In the modern era, in the fields of psychology and communication, the research undertaken in the 1950s by Hovland et al.  constitutes the first systematic work about credibility and mass media, focusing specifically on the study of the impact that the credibility of the information source, i.e., source credibility, has on the assessment of the credibility of mass communication messages. The authors investigated, in particular, how people evaluated these messages coming from “high credibility” and “low credibility” sources.
Later on, Fogg and Tseng in  stated that credibility, as a perceived quality of the information receiver, it is composed of multiple dimensions that have to be considered.
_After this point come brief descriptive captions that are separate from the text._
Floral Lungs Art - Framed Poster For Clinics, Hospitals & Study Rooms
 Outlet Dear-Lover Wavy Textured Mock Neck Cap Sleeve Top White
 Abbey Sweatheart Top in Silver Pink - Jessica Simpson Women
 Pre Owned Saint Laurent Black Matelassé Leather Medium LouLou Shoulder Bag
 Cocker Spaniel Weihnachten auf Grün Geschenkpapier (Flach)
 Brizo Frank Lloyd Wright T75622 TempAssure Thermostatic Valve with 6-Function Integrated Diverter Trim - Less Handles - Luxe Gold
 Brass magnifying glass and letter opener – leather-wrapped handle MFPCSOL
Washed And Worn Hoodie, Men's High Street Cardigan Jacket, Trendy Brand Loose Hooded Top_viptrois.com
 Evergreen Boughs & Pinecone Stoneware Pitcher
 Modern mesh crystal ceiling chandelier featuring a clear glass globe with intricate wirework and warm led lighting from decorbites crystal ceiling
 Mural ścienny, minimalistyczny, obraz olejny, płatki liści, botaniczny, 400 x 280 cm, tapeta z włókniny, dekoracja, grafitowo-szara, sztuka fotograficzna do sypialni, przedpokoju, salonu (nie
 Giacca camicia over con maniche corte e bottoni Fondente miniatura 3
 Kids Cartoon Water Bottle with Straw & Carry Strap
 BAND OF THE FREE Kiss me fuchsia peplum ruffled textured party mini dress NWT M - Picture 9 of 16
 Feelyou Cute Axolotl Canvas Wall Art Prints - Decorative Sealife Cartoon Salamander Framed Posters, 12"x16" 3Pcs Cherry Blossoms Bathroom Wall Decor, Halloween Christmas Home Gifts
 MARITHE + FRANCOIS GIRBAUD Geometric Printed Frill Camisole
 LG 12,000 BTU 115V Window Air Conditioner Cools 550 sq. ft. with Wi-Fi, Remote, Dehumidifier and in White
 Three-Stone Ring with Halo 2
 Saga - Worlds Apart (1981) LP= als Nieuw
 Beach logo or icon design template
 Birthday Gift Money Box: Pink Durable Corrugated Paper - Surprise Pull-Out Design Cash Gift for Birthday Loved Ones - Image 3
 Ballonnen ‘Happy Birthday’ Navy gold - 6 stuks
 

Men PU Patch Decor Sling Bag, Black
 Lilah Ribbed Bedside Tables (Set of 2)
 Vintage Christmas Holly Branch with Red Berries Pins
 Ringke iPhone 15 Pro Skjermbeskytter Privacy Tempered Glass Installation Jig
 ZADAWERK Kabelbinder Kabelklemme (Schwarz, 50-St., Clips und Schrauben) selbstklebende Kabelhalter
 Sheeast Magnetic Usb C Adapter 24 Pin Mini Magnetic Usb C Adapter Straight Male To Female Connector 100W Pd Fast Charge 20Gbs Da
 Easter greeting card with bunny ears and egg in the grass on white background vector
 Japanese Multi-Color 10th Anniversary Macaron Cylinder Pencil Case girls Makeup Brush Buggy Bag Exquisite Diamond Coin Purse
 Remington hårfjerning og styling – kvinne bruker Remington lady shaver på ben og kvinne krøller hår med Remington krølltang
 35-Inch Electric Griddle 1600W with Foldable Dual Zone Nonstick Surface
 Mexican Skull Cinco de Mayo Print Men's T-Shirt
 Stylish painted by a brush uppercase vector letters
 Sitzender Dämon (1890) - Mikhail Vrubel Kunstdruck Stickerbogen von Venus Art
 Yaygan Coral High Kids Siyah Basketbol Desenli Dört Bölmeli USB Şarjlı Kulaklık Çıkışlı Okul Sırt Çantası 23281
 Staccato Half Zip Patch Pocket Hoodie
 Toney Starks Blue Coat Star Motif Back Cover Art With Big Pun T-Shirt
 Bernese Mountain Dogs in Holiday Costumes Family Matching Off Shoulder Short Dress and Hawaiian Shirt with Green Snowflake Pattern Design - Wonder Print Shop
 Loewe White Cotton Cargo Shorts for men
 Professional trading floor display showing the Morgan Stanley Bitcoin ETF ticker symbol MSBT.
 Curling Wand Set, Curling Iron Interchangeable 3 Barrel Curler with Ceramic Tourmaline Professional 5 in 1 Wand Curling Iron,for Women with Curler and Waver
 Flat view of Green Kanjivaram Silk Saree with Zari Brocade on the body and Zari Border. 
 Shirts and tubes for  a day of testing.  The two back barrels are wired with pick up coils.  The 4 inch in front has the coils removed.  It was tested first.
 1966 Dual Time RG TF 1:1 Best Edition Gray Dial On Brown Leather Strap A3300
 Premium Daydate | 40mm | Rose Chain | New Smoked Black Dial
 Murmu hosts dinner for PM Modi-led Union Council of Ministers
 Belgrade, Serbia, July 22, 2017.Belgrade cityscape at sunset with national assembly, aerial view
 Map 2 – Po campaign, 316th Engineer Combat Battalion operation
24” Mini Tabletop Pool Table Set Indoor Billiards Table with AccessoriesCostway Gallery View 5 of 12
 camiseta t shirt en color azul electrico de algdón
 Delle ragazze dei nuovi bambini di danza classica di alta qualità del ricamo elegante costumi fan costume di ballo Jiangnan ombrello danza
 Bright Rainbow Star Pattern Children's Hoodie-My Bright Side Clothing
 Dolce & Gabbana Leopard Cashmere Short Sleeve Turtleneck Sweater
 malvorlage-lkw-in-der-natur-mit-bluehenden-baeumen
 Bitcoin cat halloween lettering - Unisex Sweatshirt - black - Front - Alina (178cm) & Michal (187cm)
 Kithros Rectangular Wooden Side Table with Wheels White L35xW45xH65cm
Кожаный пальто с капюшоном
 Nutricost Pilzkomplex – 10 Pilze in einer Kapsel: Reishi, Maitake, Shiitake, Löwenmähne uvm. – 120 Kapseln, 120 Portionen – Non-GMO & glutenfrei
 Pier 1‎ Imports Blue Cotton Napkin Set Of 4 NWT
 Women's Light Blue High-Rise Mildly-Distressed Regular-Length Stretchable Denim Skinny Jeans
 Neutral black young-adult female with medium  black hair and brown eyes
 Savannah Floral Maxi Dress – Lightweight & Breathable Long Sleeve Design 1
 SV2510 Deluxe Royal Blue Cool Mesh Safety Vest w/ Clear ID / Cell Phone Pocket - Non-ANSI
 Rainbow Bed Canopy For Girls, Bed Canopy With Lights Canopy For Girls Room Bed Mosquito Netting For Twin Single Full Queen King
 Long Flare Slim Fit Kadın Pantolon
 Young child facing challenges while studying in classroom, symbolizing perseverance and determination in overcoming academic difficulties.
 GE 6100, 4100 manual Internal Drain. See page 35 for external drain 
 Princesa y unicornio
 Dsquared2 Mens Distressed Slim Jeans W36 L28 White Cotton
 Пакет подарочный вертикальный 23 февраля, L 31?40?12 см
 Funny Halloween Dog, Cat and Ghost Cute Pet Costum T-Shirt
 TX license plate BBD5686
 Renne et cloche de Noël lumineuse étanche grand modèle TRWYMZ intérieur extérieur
In this sense, the process of assessing information credibility involves different characteristics, which can be connected to: the source of information, the information that is diffused, i.e., the message, considering both its structure and its content, and the media used to diffuse information .
0.2.2 Online Information Credibility
Online, and in the Social Web in particular, information credibility assessment deals with the analysis of both UGC and their authors’ characteristics , and the intrinsic community-based nature of social media platforms . Specifically, this means to take into account credibility features connected to: the users forming a virtual community (i.e., the information sources), their User-Generated Content (i.e., the information the users diffuse), and the social relationships connecting the users in the virtual community (i.e., the main characteristic of an online social networking system), also considering other kinds of entities possibly connected to users with other kinds of relationships .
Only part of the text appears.